▶ _Work item_: Below are the records to retype. Keep every character exactly and leave out the pictures.
##########
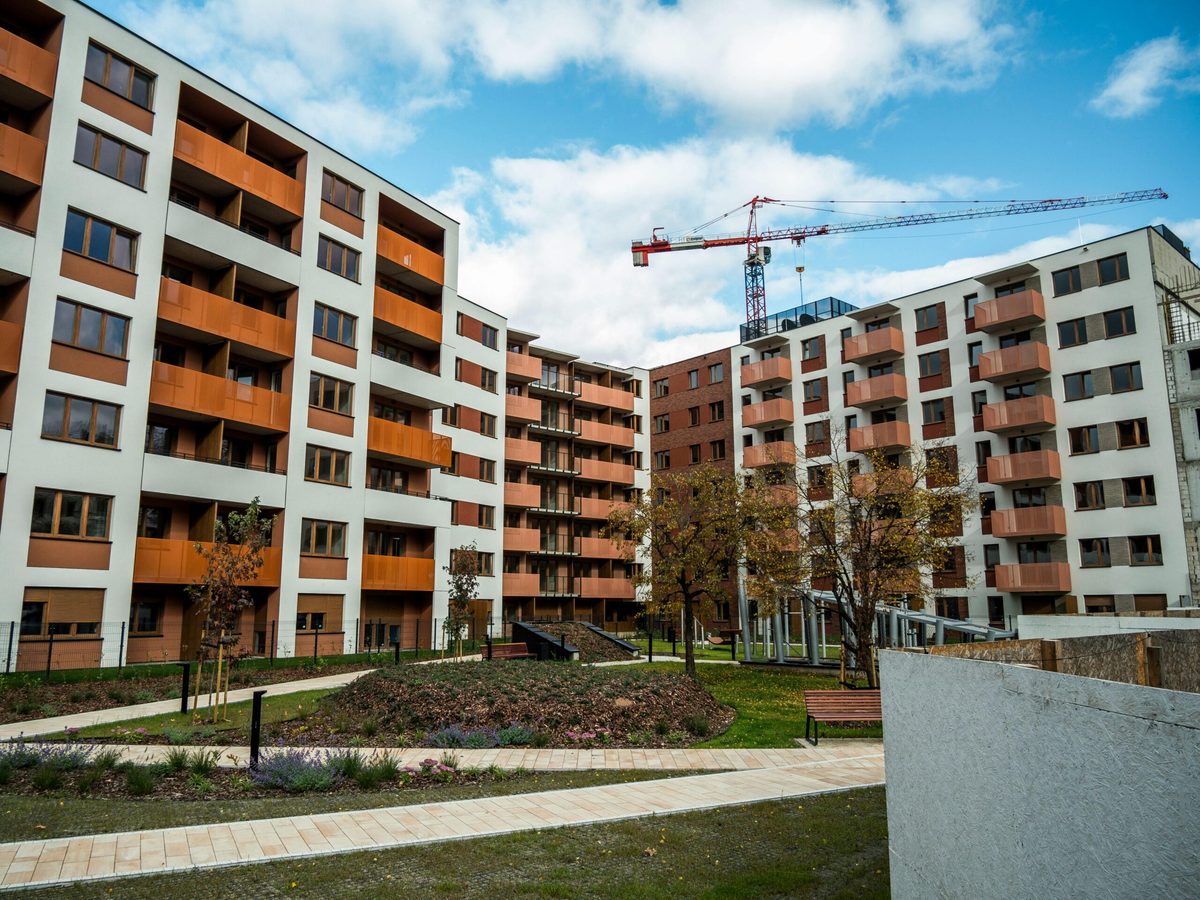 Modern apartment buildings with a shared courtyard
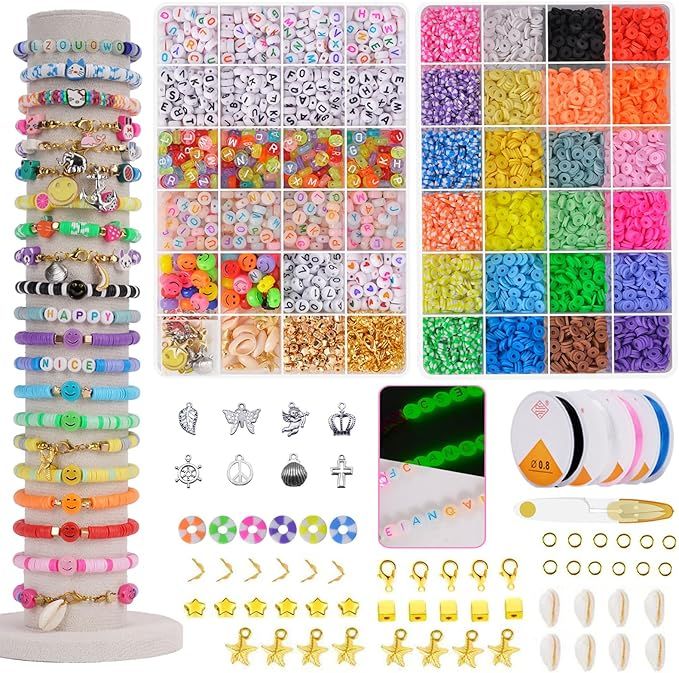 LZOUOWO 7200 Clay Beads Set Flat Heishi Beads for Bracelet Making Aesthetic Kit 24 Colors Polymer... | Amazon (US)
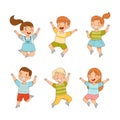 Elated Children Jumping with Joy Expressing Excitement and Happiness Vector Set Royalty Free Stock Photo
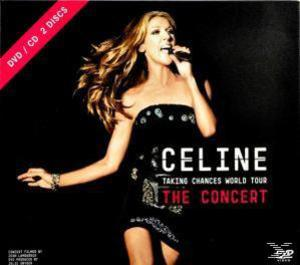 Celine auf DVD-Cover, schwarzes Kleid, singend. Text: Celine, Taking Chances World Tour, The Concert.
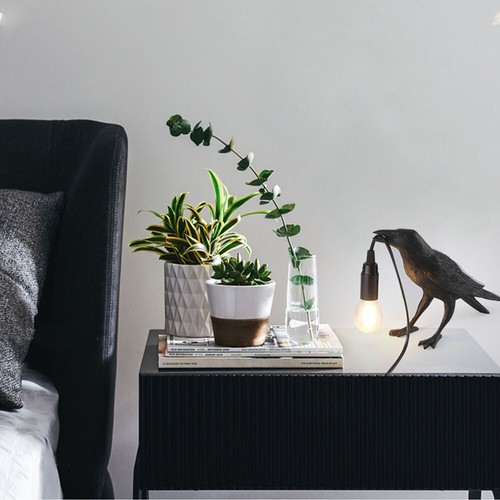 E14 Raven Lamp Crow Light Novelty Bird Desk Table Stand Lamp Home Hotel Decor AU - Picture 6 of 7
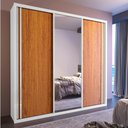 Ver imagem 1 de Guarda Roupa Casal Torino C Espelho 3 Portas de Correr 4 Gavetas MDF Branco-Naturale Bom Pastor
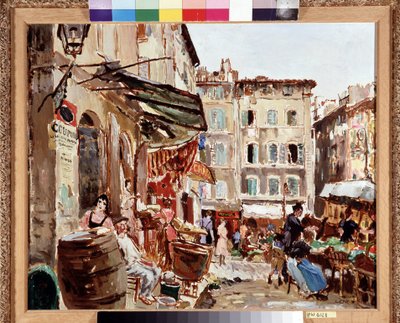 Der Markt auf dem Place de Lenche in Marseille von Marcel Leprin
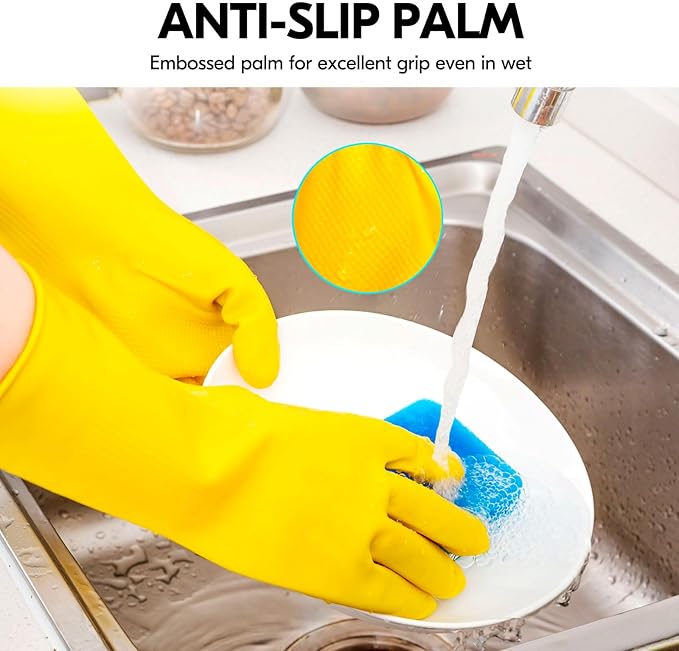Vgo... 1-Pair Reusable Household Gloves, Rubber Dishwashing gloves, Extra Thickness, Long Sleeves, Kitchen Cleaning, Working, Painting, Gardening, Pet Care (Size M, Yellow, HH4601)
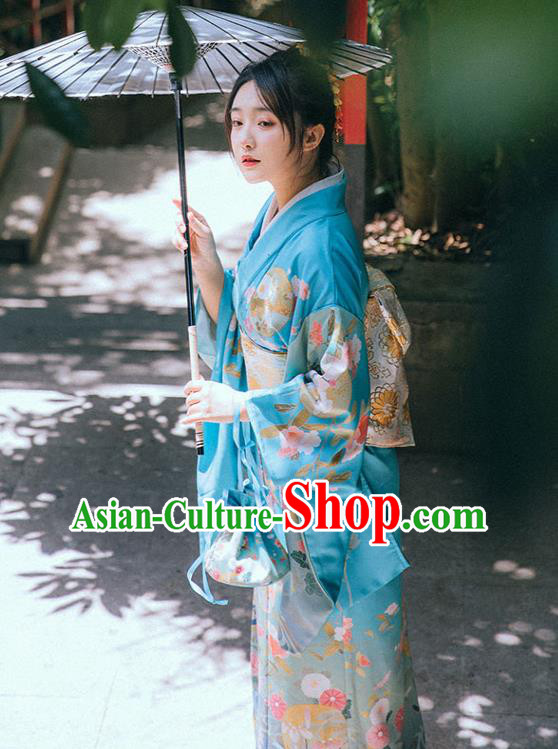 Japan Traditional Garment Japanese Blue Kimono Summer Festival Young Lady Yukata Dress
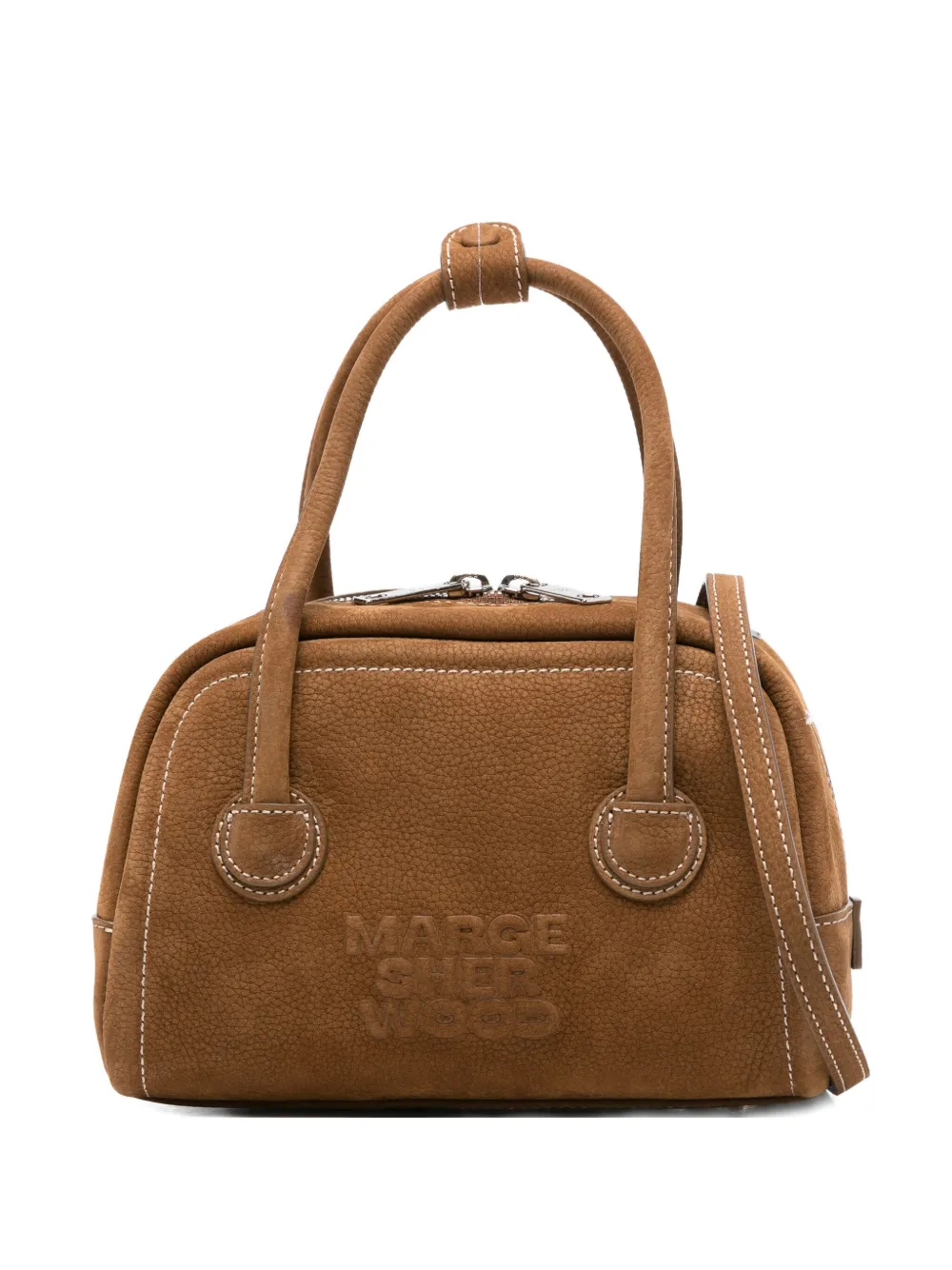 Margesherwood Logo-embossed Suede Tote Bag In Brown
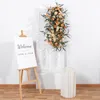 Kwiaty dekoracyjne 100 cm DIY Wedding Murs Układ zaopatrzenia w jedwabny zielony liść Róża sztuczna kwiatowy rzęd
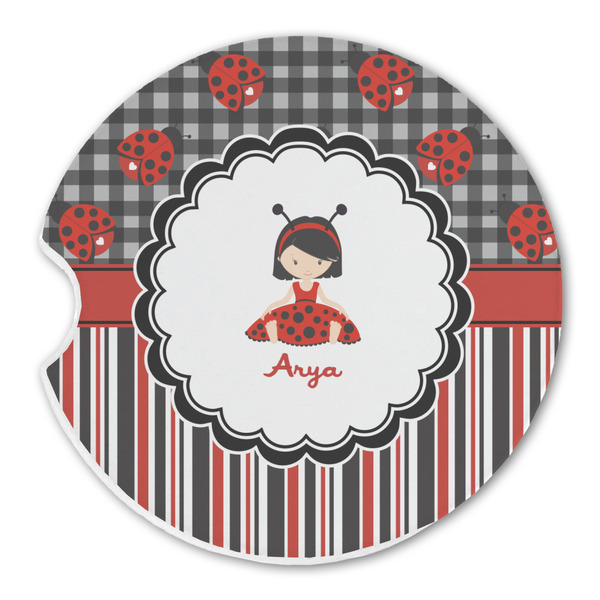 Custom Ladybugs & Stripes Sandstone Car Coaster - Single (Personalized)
##########
▶ _Reply_:
 Modern apartment buildings with a shared courtyard
 LZOUOWO 7200 Clay Beads Set Flat Heishi Beads for Bracelet Making Aesthetic Kit 24 Colors Polymer... | Amazon (US)
 Elated Children Jumping with Joy Expressing Excitement and Happiness Vector Set Royalty Free Stock Photo
 Celine auf DVD-Cover, schwarzes Kleid, singend. Text: Celine, Taking Chances World Tour, The Concert.
 E14 Raven Lamp Crow Light Novelty Bird Desk Table Stand Lamp Home Hotel Decor AU - Picture 6 of 7
 Ver imagem 1 de Guarda Roupa Casal Torino C Espelho 3 Portas de Correr 4 Gavetas MDF Branco-Naturale Bom Pastor
 Der Markt auf dem Place de Lenche in Marseille von Marcel Leprin
Vgo... 1-Pair Reusable Household Gloves, Rubber Dishwashing gloves, Extra Thickness, Long Sleeves, Kitchen Cleaning, Working, Painting, Gardening, Pet Care (Size M, Yellow, HH4601)
 Japan Traditional Garment Japanese Blue Kimono Summer Festival Young Lady Yukata Dress
 Margesherwood Logo-embossed Suede Tote Bag In Brown
 Kwiaty dekoracyjne 100 cm DIY Wedding Murs Układ zaopatrzenia w jedwabny zielony liść Róża sztuczna kwiatowy rzęd
 Custom Ladybugs & Stripes Sandstone Car Coaster - Single (Personalized)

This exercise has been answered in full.